The Wilson interval (with continuity correction) is generally considered valid for \(n>10\). For \(n\gg1\) (namely, \(n>30\)), a very popular approximate formulation of the CI is the Wald interval:

\[ p\in f\pm t_{1-\alpha/2}\sqrt{\dfrac{f(1-f)}{n}} \tag{4}\]

The Wald interval, which does not require any continuity correction, is symmetric around the estimated proportion. For \(n\gg1\) it is noted indeed that the Wilson interval tends to become symmetric and identical to the Wald interval.

The question is when \(n\) is large enough for these methods to produce accurate inference. The R code below is a fully reproducible code to generate coverage plots for the Wilson interval (with continuity correction) and the Wald interval.

set.seed(1789)
n  <- 30                          # number of Bernoulli trials
L  <- 1000                        # number of simulated sequences 
a  <- 95                          # confidence level
t  <- qnorm((1+a/100)/2)          # quantile of the normal distribution
p  <- seq(0.05, 0.95, by = 0.01)  # tested values of probability
np <- length(p)                   # number of tested values of probability
c_wald   <- numeric(np)           # Wald approach
c_wilson <- numeric(np)           # Wilson approach

for(i in 1:np) {
  for(j in 1:L) {
    x <- rbinom(1, size = n, prob = p[i])  # number of successes
    f <- x/n                               # proportion of successes
    fl <- max(0, (x-0.5)/n) # continuity correction
    fu <- min(1, (x+0.5)/n) 
    CIl <- (fl+t^2/(2*n))/(1+t^2/n) - t*sqrt(fl*(1-fl)/n + t^2/(4*n^2))/(1+t^2/n)
    CIu <- (fu+t^2/(2*n))/(1+t^2/n) + t*sqrt(fu*(1-fu)/n + t^2/(4*n^2))/(1+t^2/n)
    CI_lower_wilson <- max(0.0, CIl) # Wilson interval
    CI_upper_wilson <- min(1.0, CIu)
    CI_lower_wald <- f - t*sqrt(f*(1-f)/n) # Wald interval
    CI_upper_wald <- f + t*sqrt(f*(1-f)/n)
    if(CI_lower_wilson <= p[i] && CI_upper_wilson >= p[i]) c_wilson[i] = c_wilson[i] + 1
    if(CI_lower_wald <= p[i] && CI_upper_wald >= p[i]) c_wald[i] = c_wald[i] + 1
  }
}
c_wilson <- 100*c_wilson/L # estimated coverage
c_wald   <- 100*c_wald/L   

Figure 1: Coverage curves for the binomial distribution with \(n=30\).

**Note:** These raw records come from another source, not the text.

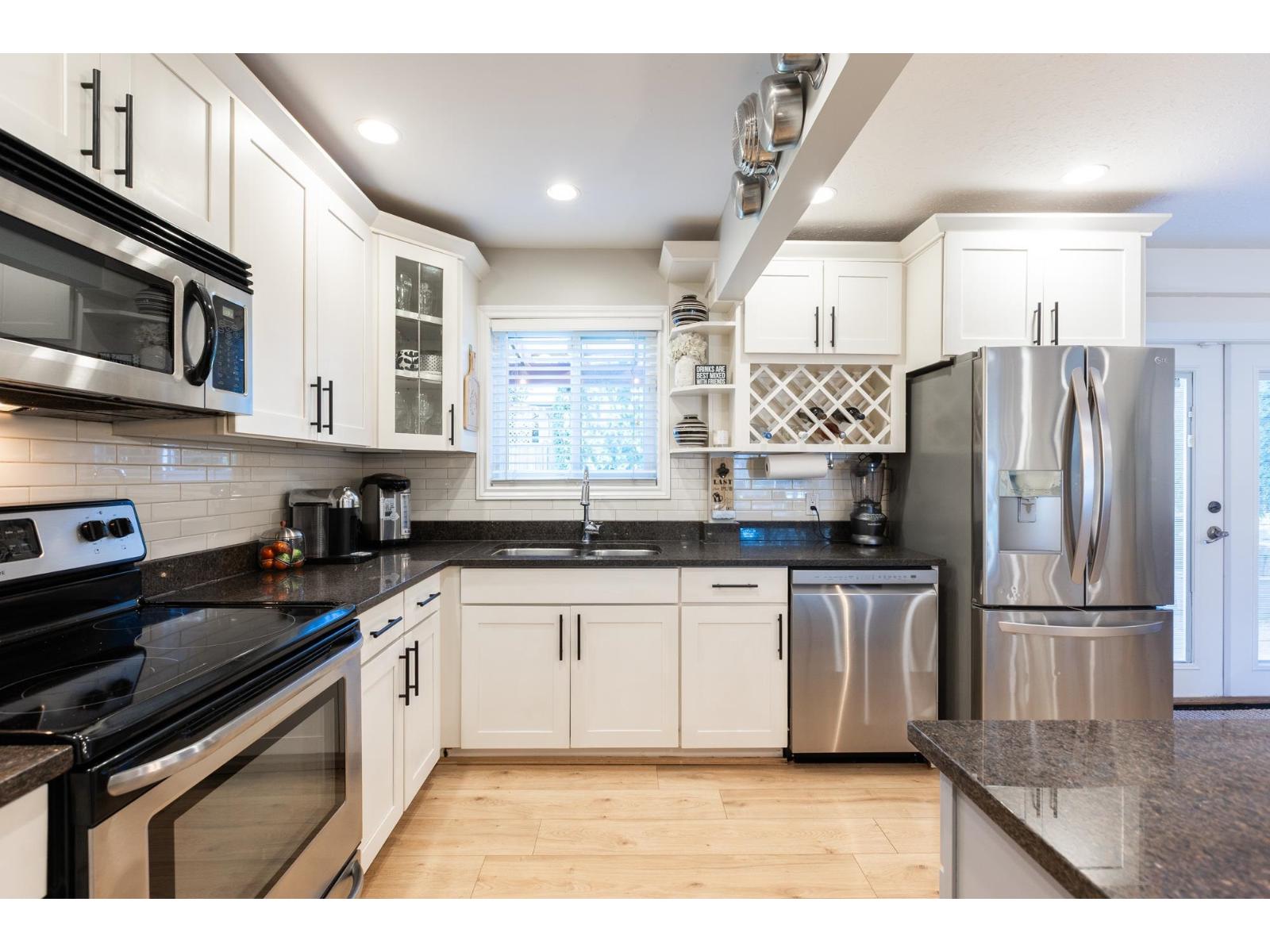 4638 198c Street, Langley, British Columbia  V3A 5S4 - Photo 10 - R3092107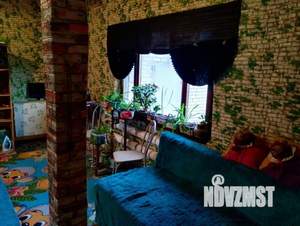 Дом 100м&sup2;, 2-этажный, участок 7 сот.  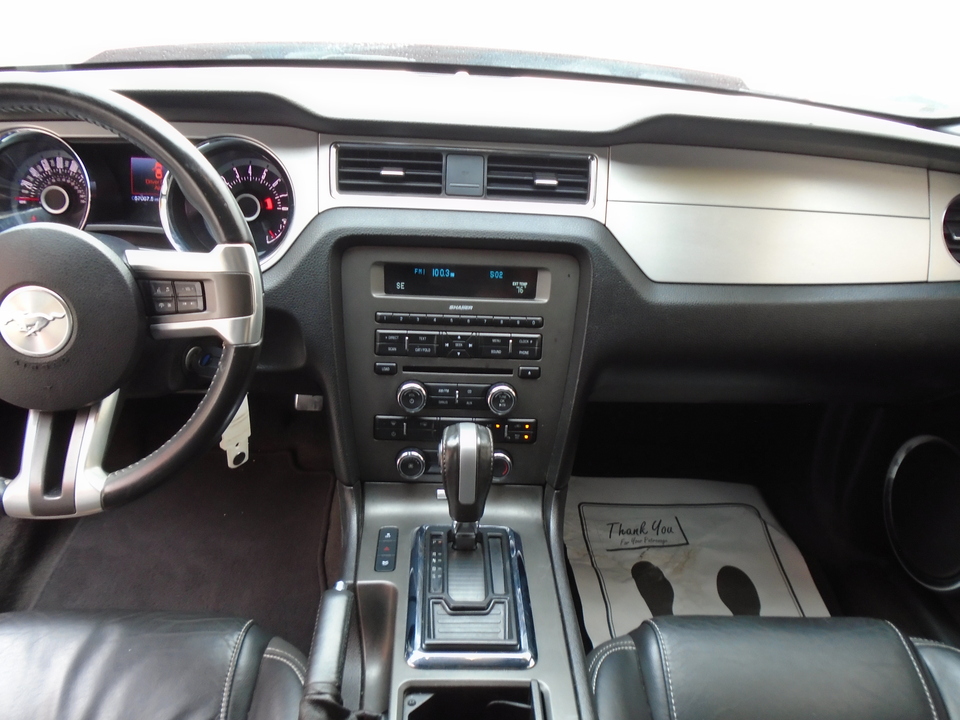 2013 Ford Mustang V6 Convertible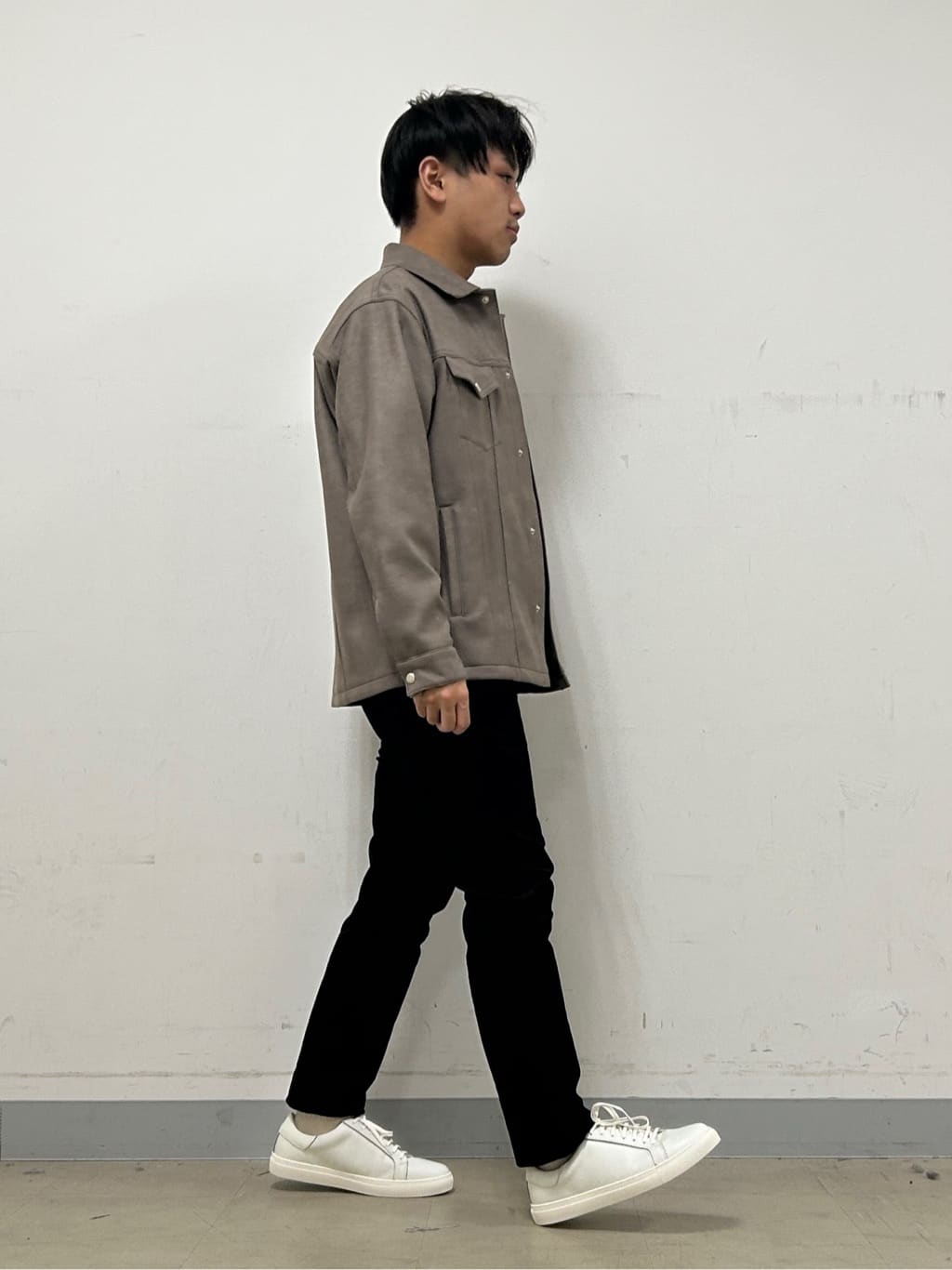 Hiroさんの「TAKEO KIKUCHI｜【Made in JAPAN】ビッグチェック＆スライドパズル柄 ニット」を使ったコーディネート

The simulation results of Figure 1 (\(n=30\)) show that, whereas the Wilson method tends just to provide some limited over-coverage for all values of \(p\) (this is simply due to \(x\) being present in both the sums of Equation 1), the Wald interval performs poorly, with severe under-coverage, especially for low and high values of \(p\). These results seem to raise objections against the use of the Wald interval, even in situations when \(n\gg1\): Figure 2 shows the coverage plots in the case of \(n=100\).

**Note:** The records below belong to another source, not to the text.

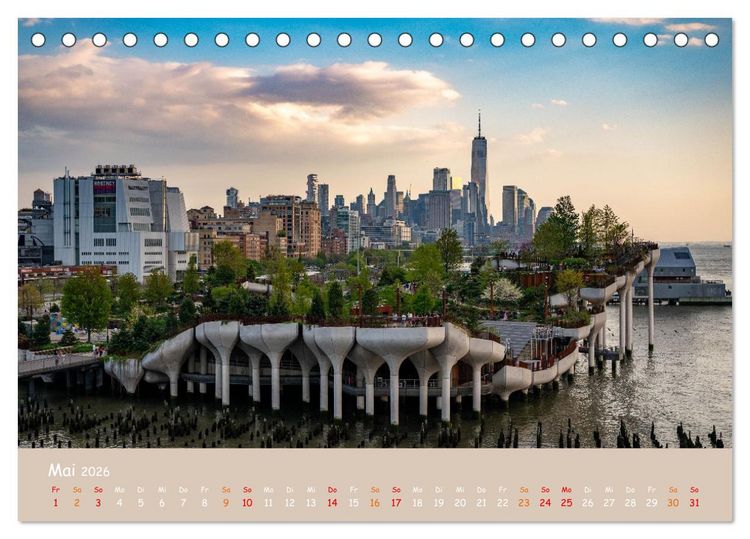Produktbild: City Lights &ndash; New York im Fokus (Tischkalender 2026 DIN A5 quer), CALVENDO Monatskalender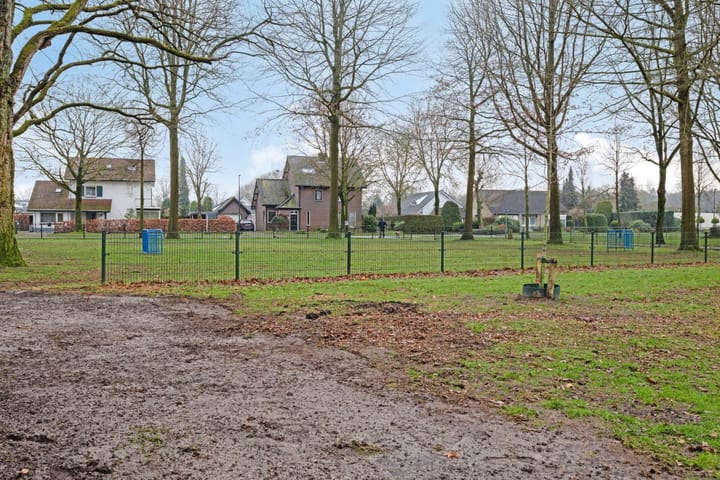 Photo 45 of Langenakker 57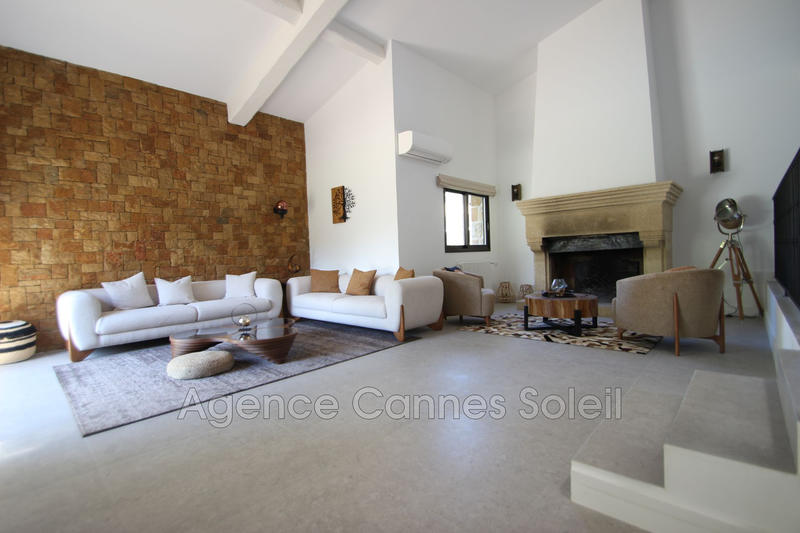 Villa - 165 m² - 6 pièces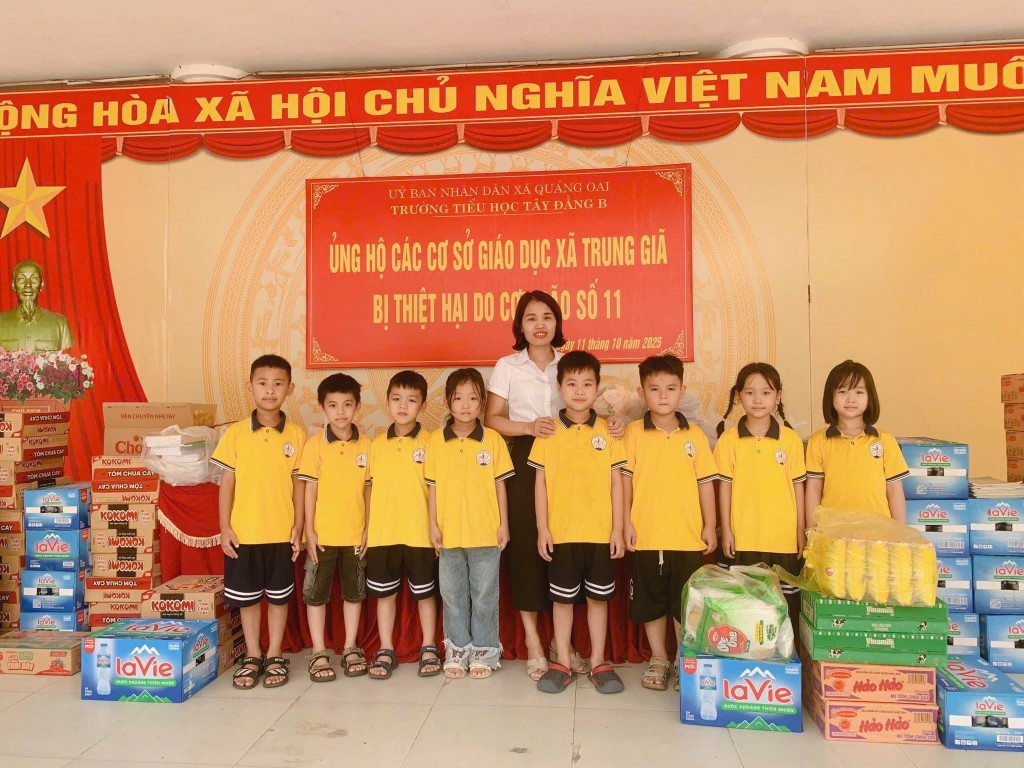Đại diện phụ huynh, giáo viên Trường Tiểu học Tây Đằng B trao quà hỗ trợ gồm quần áo, chăn màn, nước uống và đồ dùng thiết yếu gửi tới học sinh vùng bị ảnh hưởng bởi bão.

Figure 2: Coverage curves for the binomial distribution with \(n=100\).

Although the performance of the Wald method has slightly improved, the Wilson method still outperforms it, especially for small and high values of \(p\).

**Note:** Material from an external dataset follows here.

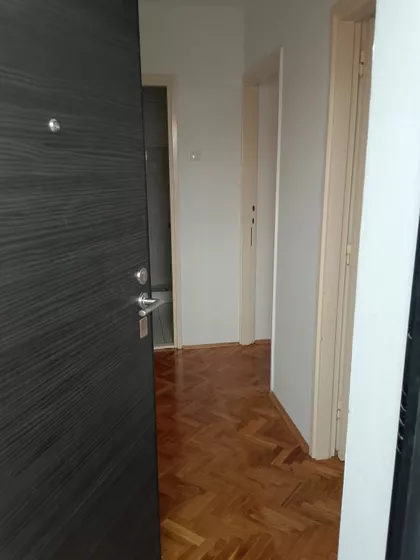 Adamovićevo Naselje | 4zida.rs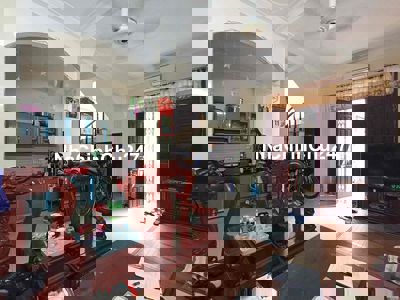 Chính chủ bán nhà 10m ra mặt phố Ngô Gia Tự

To conclude, when estimating the confidence interval associated to the estimate of proportions, the Wald interval - the most basic confidence interval usually considered by experimentalists - appears to be seriously flawed, also for values of the number of trials that are considered large in most statistical textbooks. The Wilson interval with continuity correction tends to perform much better and its use should be encouraged.